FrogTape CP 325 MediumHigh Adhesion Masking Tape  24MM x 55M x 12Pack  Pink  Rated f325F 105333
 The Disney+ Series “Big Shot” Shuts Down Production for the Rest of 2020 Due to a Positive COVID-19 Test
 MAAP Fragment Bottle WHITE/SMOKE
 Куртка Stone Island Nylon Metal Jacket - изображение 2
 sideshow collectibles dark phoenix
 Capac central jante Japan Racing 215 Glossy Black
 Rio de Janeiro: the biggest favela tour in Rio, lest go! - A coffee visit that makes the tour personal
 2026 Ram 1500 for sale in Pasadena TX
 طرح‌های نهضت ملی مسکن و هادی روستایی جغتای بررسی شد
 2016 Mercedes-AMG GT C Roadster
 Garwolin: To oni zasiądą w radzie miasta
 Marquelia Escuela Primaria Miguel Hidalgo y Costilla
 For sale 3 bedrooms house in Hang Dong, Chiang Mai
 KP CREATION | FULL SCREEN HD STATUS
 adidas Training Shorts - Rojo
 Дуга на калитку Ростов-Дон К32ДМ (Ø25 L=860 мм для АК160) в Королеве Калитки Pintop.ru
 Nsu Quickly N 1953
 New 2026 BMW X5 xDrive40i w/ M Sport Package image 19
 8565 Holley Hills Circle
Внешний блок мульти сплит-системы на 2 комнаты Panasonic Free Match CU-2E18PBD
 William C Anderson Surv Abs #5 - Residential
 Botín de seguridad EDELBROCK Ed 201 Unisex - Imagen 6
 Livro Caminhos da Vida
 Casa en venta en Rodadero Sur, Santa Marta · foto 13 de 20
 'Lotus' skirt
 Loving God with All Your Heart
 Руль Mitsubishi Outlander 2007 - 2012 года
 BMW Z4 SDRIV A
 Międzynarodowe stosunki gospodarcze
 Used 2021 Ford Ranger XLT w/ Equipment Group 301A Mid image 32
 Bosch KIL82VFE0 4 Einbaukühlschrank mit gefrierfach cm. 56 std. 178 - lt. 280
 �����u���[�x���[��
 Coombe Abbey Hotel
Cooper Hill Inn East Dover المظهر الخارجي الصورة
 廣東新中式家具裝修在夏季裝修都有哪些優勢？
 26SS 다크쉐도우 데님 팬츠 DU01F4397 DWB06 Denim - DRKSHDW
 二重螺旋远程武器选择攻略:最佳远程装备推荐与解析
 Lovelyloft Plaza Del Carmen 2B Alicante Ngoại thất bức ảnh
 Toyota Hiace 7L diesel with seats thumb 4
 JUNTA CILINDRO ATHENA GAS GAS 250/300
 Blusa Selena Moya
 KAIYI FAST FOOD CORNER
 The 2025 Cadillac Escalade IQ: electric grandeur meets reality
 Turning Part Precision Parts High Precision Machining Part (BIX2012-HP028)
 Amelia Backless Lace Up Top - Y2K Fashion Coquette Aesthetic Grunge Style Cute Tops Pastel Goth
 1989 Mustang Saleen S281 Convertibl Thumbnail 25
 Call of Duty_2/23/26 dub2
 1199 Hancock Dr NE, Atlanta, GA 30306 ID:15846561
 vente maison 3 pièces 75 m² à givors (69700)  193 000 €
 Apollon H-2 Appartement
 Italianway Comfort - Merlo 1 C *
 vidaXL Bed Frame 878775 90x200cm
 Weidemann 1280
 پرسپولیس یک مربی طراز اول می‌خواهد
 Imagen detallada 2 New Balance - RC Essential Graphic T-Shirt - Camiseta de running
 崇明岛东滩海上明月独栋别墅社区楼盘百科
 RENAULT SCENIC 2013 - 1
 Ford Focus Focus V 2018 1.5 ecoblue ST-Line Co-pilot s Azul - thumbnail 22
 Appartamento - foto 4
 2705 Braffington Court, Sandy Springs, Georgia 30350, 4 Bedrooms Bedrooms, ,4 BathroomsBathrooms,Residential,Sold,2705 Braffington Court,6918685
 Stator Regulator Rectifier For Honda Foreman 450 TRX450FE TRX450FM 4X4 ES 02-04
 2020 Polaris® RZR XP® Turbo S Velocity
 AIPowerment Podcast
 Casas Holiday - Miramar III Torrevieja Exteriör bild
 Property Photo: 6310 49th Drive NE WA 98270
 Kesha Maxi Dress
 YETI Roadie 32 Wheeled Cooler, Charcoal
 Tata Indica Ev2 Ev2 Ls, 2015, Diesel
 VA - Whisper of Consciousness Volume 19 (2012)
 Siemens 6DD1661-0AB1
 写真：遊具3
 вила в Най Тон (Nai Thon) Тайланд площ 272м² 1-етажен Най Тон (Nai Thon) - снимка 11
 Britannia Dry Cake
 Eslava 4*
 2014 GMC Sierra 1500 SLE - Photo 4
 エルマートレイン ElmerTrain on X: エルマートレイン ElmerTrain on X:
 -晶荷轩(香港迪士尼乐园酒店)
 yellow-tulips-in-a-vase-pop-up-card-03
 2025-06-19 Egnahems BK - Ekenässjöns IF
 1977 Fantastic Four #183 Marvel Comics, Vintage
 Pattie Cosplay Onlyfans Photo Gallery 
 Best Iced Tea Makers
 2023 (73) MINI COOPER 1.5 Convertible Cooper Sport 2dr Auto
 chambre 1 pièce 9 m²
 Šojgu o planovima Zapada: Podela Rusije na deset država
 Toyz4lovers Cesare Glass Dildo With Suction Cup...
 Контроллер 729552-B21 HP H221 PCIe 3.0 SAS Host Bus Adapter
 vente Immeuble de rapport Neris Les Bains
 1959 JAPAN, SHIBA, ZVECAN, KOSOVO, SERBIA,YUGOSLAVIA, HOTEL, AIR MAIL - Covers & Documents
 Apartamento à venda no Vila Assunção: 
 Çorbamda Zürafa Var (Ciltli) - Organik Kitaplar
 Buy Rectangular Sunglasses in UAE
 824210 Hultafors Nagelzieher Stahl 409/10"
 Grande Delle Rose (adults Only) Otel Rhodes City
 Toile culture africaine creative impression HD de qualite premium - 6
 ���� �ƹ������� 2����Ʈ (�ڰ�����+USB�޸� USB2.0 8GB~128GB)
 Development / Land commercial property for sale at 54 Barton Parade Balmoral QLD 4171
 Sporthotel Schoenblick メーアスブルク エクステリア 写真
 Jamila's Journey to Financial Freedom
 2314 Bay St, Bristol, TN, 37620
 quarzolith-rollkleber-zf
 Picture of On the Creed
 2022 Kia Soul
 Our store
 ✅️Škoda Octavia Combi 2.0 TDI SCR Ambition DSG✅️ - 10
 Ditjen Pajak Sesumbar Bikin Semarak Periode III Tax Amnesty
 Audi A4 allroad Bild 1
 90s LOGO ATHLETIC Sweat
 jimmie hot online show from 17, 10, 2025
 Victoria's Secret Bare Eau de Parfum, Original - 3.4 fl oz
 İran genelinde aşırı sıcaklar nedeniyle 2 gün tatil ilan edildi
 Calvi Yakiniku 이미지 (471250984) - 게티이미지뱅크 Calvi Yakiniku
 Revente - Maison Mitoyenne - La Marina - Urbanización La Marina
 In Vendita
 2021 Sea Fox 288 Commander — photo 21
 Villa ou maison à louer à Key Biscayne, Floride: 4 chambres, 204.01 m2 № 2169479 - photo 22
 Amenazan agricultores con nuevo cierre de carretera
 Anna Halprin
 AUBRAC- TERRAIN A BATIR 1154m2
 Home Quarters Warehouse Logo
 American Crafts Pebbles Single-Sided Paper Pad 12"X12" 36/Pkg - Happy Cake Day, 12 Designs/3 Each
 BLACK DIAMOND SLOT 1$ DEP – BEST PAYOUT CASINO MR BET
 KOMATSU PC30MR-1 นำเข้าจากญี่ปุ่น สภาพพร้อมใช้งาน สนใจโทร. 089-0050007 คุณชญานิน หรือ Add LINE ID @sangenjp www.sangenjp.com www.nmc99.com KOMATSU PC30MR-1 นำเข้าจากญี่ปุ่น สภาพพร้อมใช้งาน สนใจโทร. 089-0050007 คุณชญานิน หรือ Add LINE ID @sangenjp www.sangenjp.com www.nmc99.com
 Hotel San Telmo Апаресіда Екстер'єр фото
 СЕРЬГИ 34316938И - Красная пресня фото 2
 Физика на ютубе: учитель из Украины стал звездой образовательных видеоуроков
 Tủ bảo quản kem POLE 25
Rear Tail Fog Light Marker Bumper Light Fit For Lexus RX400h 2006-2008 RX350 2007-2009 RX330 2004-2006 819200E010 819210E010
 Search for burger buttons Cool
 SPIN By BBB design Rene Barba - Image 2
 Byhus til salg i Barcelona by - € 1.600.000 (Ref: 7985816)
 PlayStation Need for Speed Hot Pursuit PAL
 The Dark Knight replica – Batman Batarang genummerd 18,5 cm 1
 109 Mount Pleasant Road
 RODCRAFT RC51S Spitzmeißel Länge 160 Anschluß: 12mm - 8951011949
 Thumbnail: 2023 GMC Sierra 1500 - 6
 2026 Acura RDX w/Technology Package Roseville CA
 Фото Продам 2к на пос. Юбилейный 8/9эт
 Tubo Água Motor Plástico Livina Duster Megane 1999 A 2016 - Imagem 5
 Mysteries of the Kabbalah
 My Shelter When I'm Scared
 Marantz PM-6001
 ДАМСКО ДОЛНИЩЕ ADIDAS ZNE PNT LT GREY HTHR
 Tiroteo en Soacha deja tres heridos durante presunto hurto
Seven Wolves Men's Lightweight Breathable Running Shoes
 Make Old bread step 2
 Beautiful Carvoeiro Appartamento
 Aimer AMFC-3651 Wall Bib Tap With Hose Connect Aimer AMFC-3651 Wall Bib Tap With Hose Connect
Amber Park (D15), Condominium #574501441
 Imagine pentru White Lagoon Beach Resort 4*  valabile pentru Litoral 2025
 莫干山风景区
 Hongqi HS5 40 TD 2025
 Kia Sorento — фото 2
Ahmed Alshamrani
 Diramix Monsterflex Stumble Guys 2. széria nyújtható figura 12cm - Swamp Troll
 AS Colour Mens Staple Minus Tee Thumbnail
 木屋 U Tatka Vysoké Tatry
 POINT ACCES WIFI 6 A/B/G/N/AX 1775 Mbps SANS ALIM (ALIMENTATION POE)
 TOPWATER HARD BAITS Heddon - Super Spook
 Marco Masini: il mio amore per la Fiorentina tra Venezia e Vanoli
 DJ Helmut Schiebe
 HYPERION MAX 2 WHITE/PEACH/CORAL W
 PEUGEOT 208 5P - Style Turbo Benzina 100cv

### [Problem to work on]
Every line in the data above that contains the word "Cooper" should be copied.

### [Answer to this task]
Cooper Hill Inn East Dover المظهر الخارجي الصورة
 2023 (73) MINI COOPER 1.5 Convertible Cooper Sport 2dr Auto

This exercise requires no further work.